Oh why must they be so tiresome! She loved Albert beyond everything – but she was affectionate by nature and certainly was not going to forget her old friends just because she had found the great love of her life.

There were faint disturbances even from that quarter. Dearest Albert did not altogether understand what it meant to be a queen. She hated to have to remind him but sometimes she feared it was necessary.

Albert wrote that he longed for their marriage and he thought that when the ceremony was over they should retire to Windsor for a week or so where they could be absolutely alone. He was going to insist that they do this.

Insist
. Dear Albert, he would have to learn that he could not insist.

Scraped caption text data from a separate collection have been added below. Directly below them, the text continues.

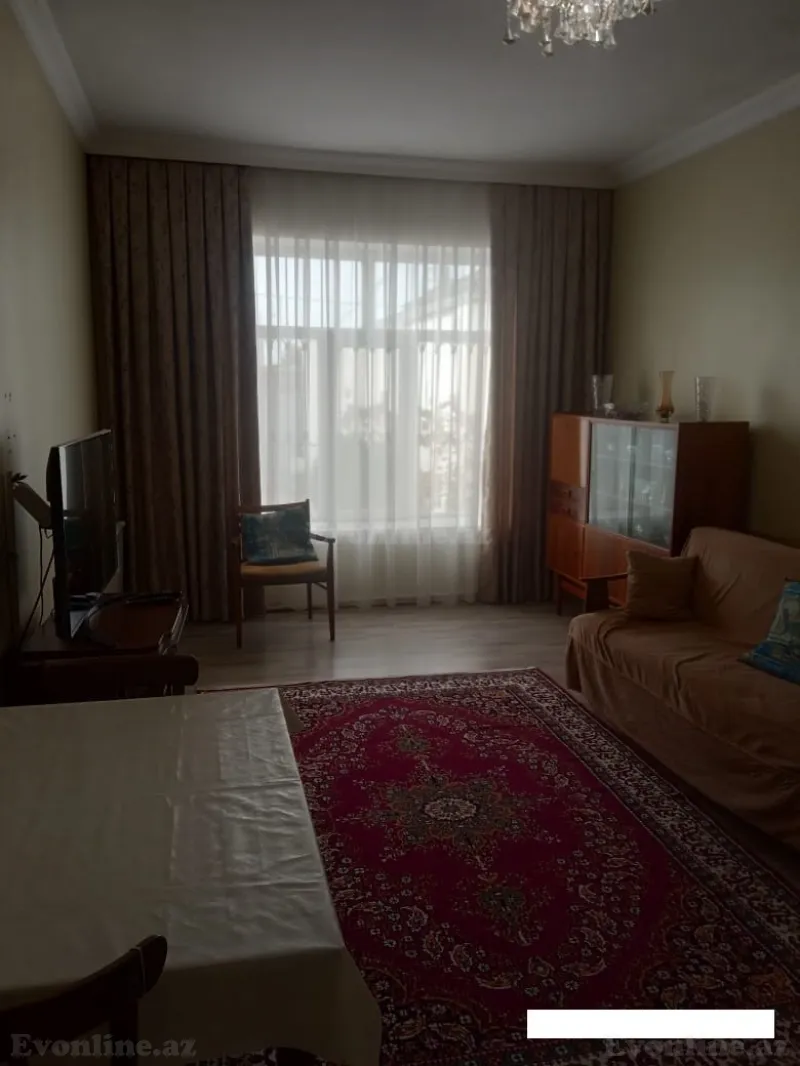 Satılır 3 otaqlı Həyət evi 100 m² Maştağa - şəkil 8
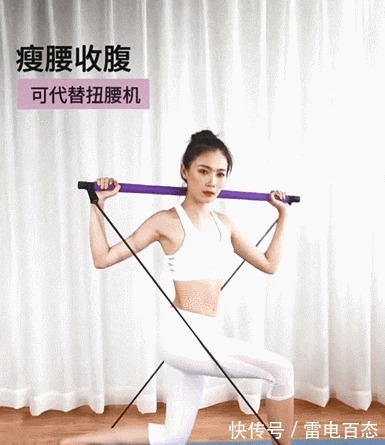 大虾|“易减脂”的5种荤菜,第4是大虾,搭配一项运动,或会轻松减脂!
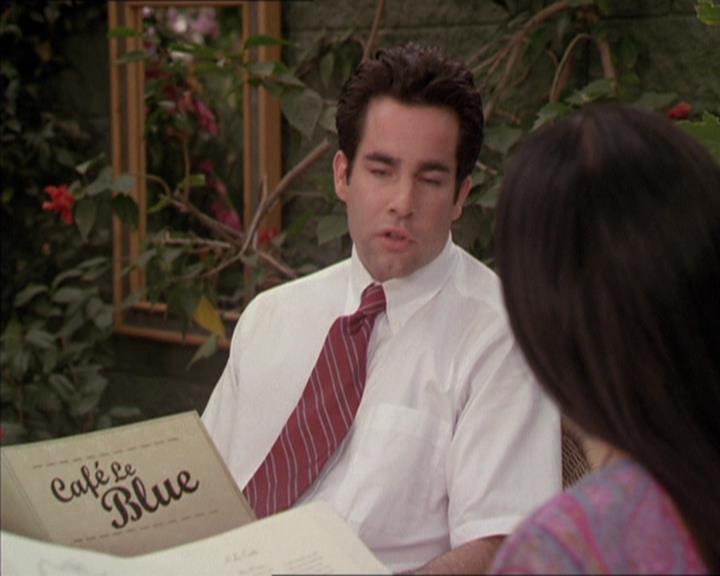 Charmed-Online-dot-222BeCarefulWhatYouWitchFor0490.jpg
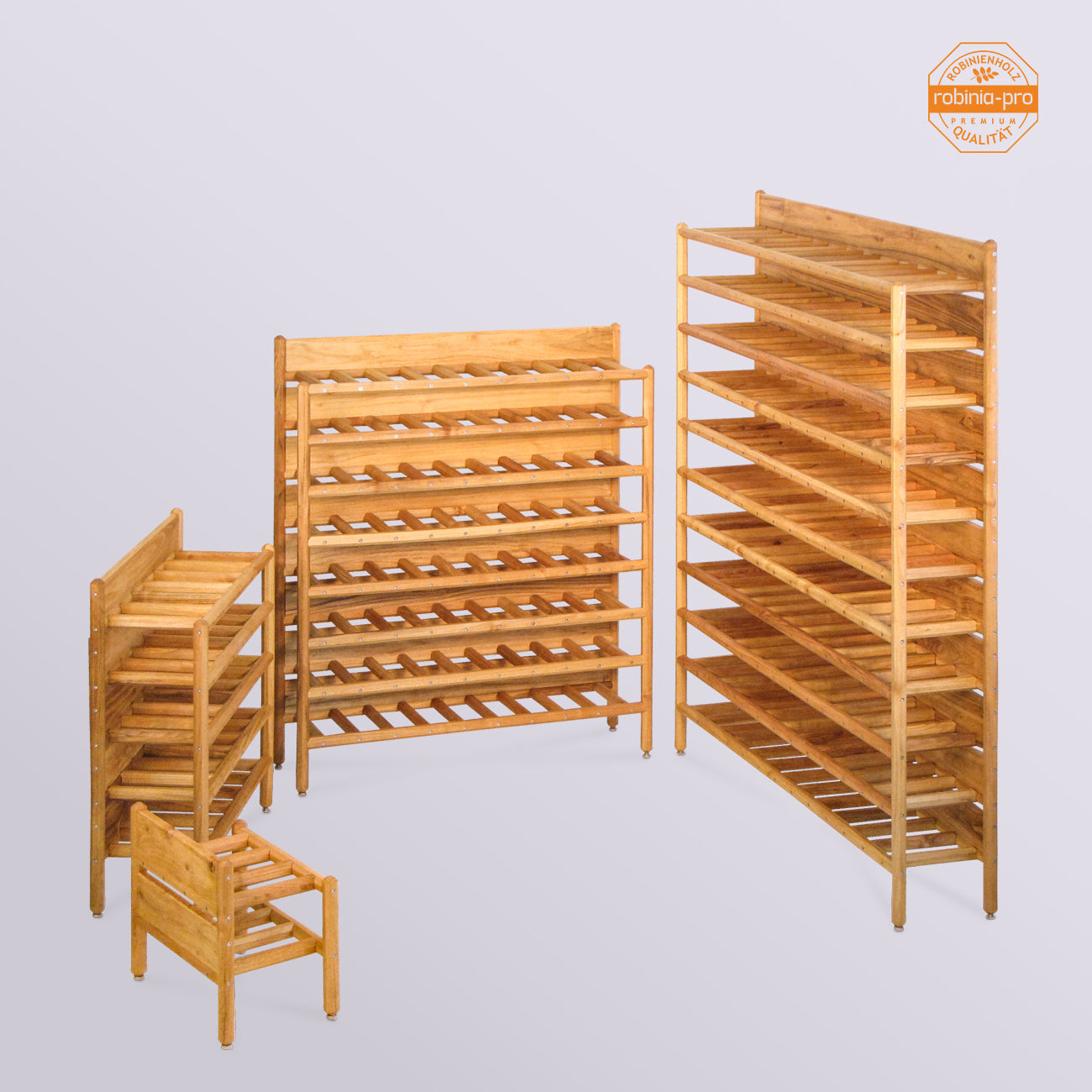 robinia-pro-WEINREGALE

How delightful of him, though, to
want
to be alone with her all that time and to think of such things. She was glad that he had; but he could not insist of course … to the Queen. Obviously he did not understand what being Sovereign of a great country entailed. How could he, the darling? He was only a Prince of little Coburg. She had to see her Prime Minister frequently. She had quantities of documents to go through and sign. How did she know what crisis was going to arise when her Government had such a tiny majority and were in some ways at the mercy of the wicked Tories led by that monster Sir Robert Peel in the Commons and that traitor the Duke of Wellington in the Lords. She wrote tender but chiding:

‘You forget, my dearest love, that I am the Sovereign, and that business can stop and wait for nothing. Parliament is sitting, and something occurs almost every day, for which I may be required, and it is quite impossible for me to be absent from London, therefore two or three days is already a long time to be absent.’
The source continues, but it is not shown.